Leaving out the pictures, please reproduce exactly and only the lines from the one that contains "NWT - BROWN" through the last line below.

(RECORDS SHOWN):
• • • • •

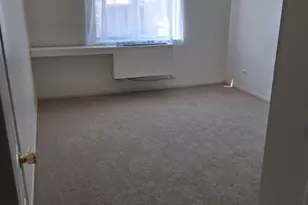 266 12th St, Wheeling, IL 60090 - Photo 8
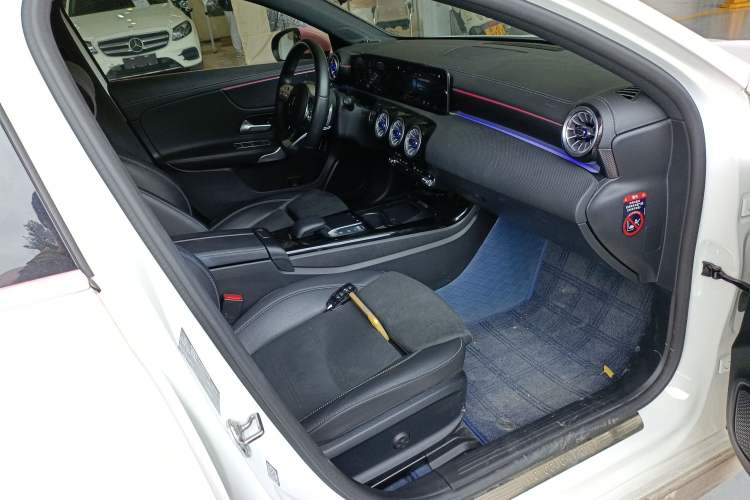 Used Mercedes-Benz A-Class 2021 A 200 L Sport Sedan Fashion Model
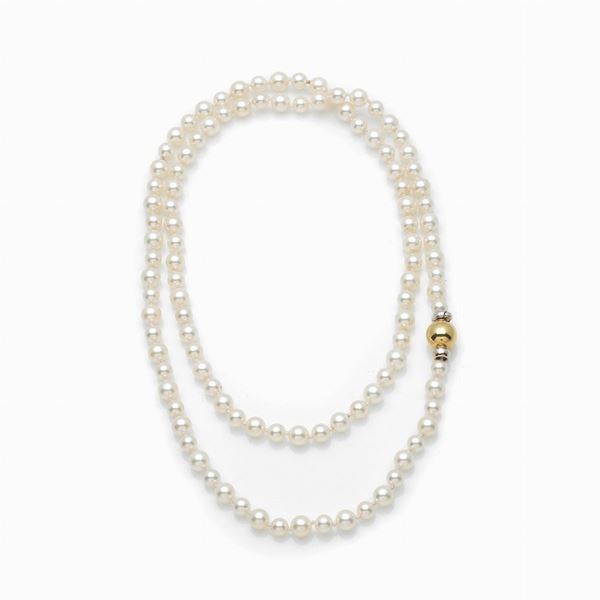 One-strand pearl necklace gold clasp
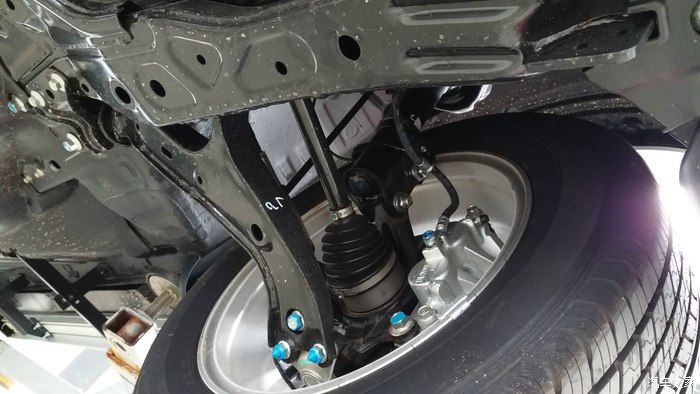 本田crv2016经典款详细配置图表,16年本田crv2.0两驱还值得买吗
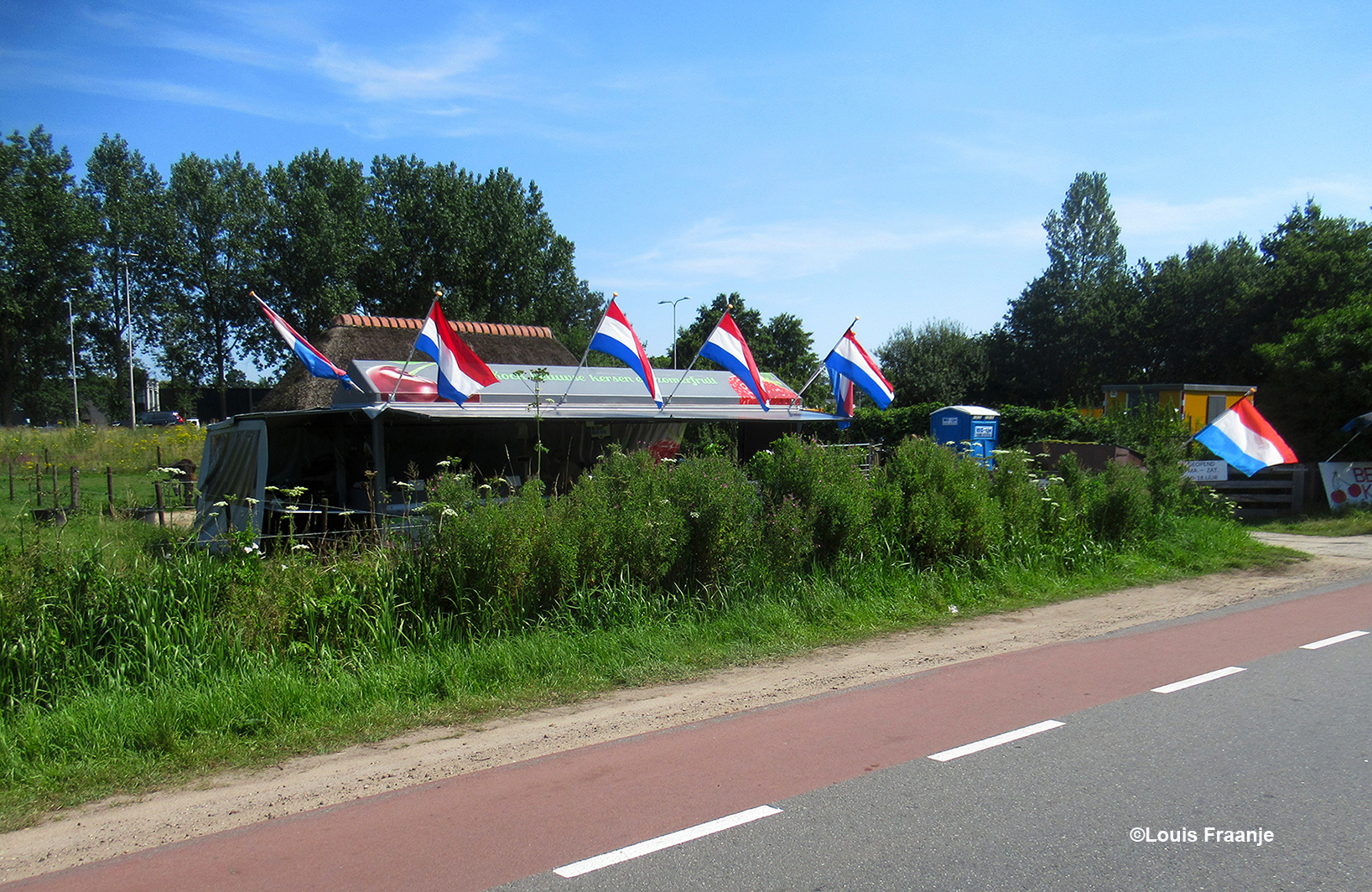 De Kersenkraam aan de Langesteeg bij Bennekom, waar we ook regelmatig fruit halen - Foto: ©Louis Fraanje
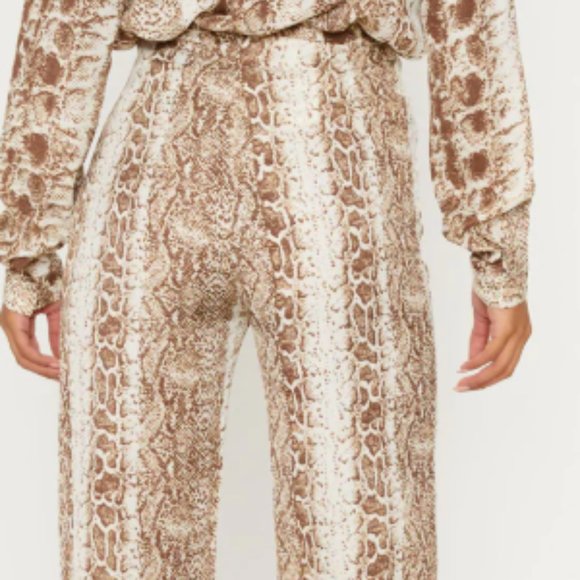 NWT - BROWN SNAKE PRINT WIDE LEG PANTS - Picture 4 of 10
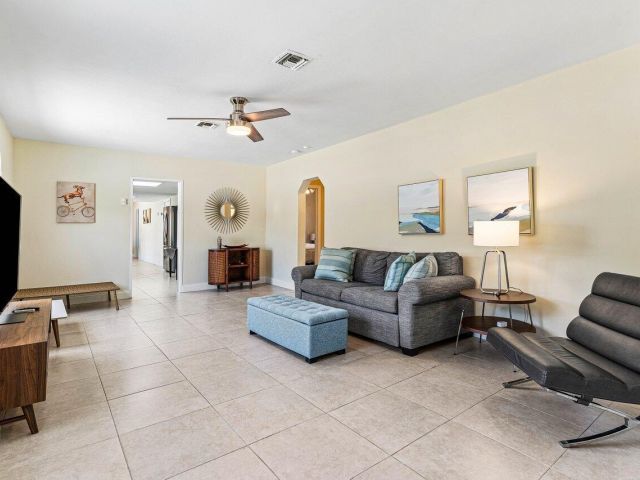 Продажа дома по адресу 123 NW 6th Avenue - фото 6141747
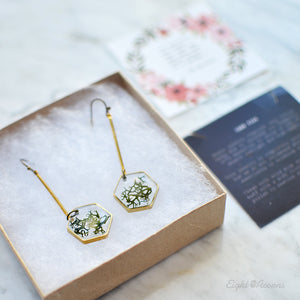 A pair of dangling beauties fit for the queen of her own hive. Solid brass honeycombs filled with fragments of Norwegian moss.  – Minimalist yet unique and contemporary design.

• • • • •

(TASK RESULT):
 NWT - BROWN SNAKE PRINT WIDE LEG PANTS - Picture 4 of 10
 Продажа дома по адресу 123 NW 6th Avenue - фото 6141747
 A pair of dangling beauties fit for the queen of her own hive. Solid brass honeycombs filled with fragments of Norwegian moss.  – Minimalist yet unique and contemporary design.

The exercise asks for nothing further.